Cappadonna made his recording debut as an affiliate of the Wu-Tang Clan on Raekwon's 1995 single "Ice Cream" on Only Built 4 Cuban Linx.... He was also a guest star, along with Raekwon, on Ghostface Killah's solo debut album, Ironman. He made his first appearance on a Wu-Tang Clan album in 1997 on Wu-Tang Forever on the single "Triumph". Following his appearance on Forever, he contributed significantly to the group's third studio album, The W, at which point his appearances were no longer marked with "Featuring Cappadonna", as they had been on Forever. After a falling-out with RZA the next year over royalties, he did not appear at all on the group's subsequent album Iron Flag. He reunited with the group for their concert at 2004's Rock the Bells, and appeared on 2007 release 8 Diagrams.
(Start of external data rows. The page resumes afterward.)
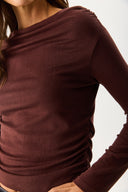 Kadın Kayık Yaka Uzun Kollu Tişört %100 Pamuk - Kahverengi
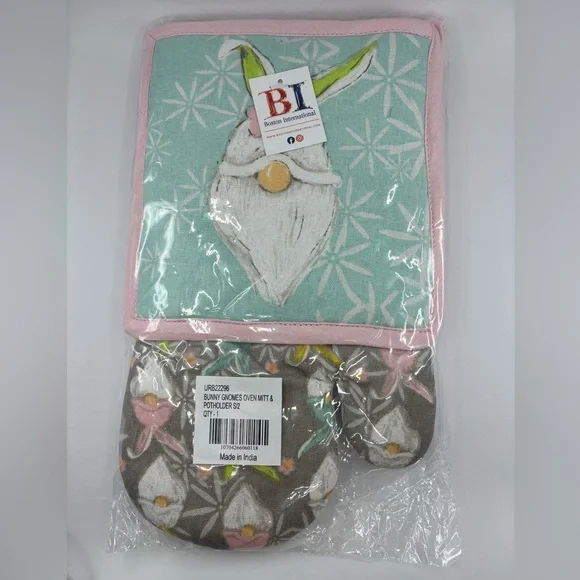 🟣 Bunny Gnome Oven Mitt and Pot Holder NWT Gray, Pastel Pink and Pastel Green - Picture 2 of 5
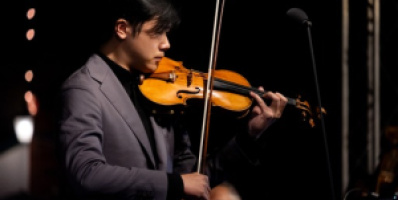 Simon Zhu playing his violin during the CLIP concert 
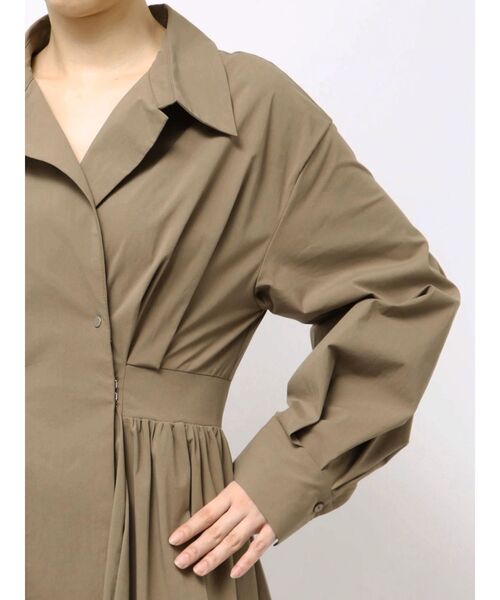 オープンカラーフィット＆フレアワンピース（ワンピース）｜ELENDEEK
Cappadonna's status as a Wu-Tang member or as a featured artist has varied throughout the years, while long referred to by both the group and fans as the "Unofficial Tenth Member". Also, while his vocals on 8 Diagrams were not marked with "Feat. Cappadonna", much like The W, he does not appear on the front cover with the original eight living members, and is not featured in the album's booklet with a picture, although he is included in the group's shout-outs sections. In a press conference held October 2, 2014, at Warner Studios for the upcoming release of the Wu-Tang Clan's A Better Tomorrow album, RZA clarified any misunderstanding of Cappadonna's affiliation with Wu-Tang Clan, stating that Cappadonna has been an official member of Wu-Tang Clan since 8 Diagrams.
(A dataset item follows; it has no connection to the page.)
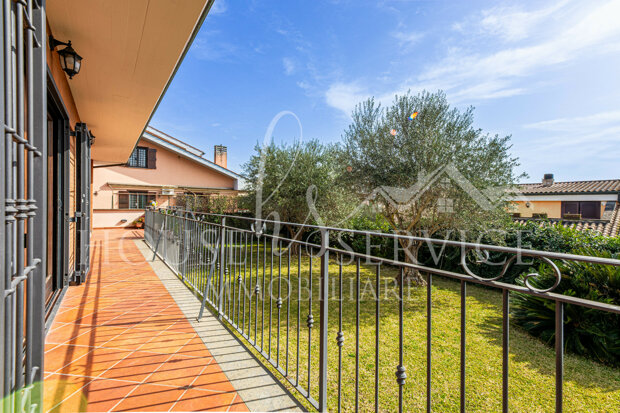 Parco Azzurro Villa bifamiliare su tre livelli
Cappadonna's first solo effort was 1998's The Pillage which debuted and peaked at number 3 on the charts and certified Gold. His follow-up - 2001's The Ying and The Yang - debuted at number 51 on the charts. Staying vigilant in his support of The Clan, he then featured on over 25 releases including classics from Raekwon, Method Man and Ghostface. 
 
Known for his colorful wardrobe, he frequently refers to fashion designers and his large collection of boutique clothing in his raps.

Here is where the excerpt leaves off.